Being taken advantage of for one’s inexperience and ignorance is not a scenario that is isolated to Florens, nor is it only contained within the pages of A Mercy. Through other works, such as Angela Flounoy’s The Turner House and Michael Lewis’s The Big Short, it becomes apparent the way that ignorance harmed the homeowner in the events leading up to the 2008 housing market crash. In The Turner House, Viola Turner refinanced her mortgage, an option that seemed favorable at the time. However, that choice led to a lot of debt the family can’t pay off, and even if they can, it isn’t worth it for a house nobody lives in. Thus, a lack of knowledge is harmful to the ignorant. In The Big Short, meanwhile, average American homebuyers are manipulated by corrupt bankers who want to loan them a subprime mortgage, so that it can be repackaged and sold as a Triple-A-rated bond. Technically, the homebuyers took out loans they couldn’t pay back, and therefore one might argue that they deserved the evictions or bankruptcies that followed. However, they didn’t understand what they were doing and were guided by others to do what was against their best interest. 
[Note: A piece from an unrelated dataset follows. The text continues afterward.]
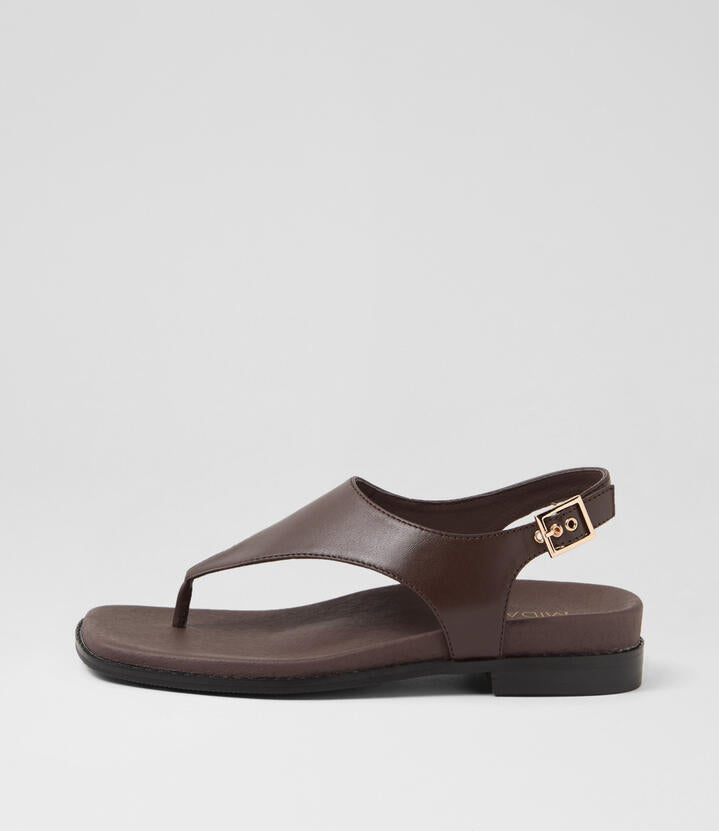 Image of Sandals. Productname: Enzo Choc Leather Thongs in Choc colour by brand - MIDAS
Finance is incredibly complicated, and although most if not all Americans will have to engage with it at some point in their lives, few understand it. Therefore, they must trust bankers and accountants and other finance experts to advise them on how best to manage their money. Although these people can provide a great service in helping people, they can also weaponize their clients’ ignorance against them. Similarly, in A Mercy, Florens is innocent and ignorant, and the people in her life take advantage of that. It’d be ideal for Florens if she could have learned the things she is ignorant of and be less naïve. However, she is a child, and children—and people of all ages—are always going to be innocent. Florens should have been protected from the people who want to exert power over her. Similarly, most Americans will never be financial experts, and they shouldn’t have to be. Instead, the law should take measures to protect them from bankers and accountants who intentionally advise them to make ruinous decisions.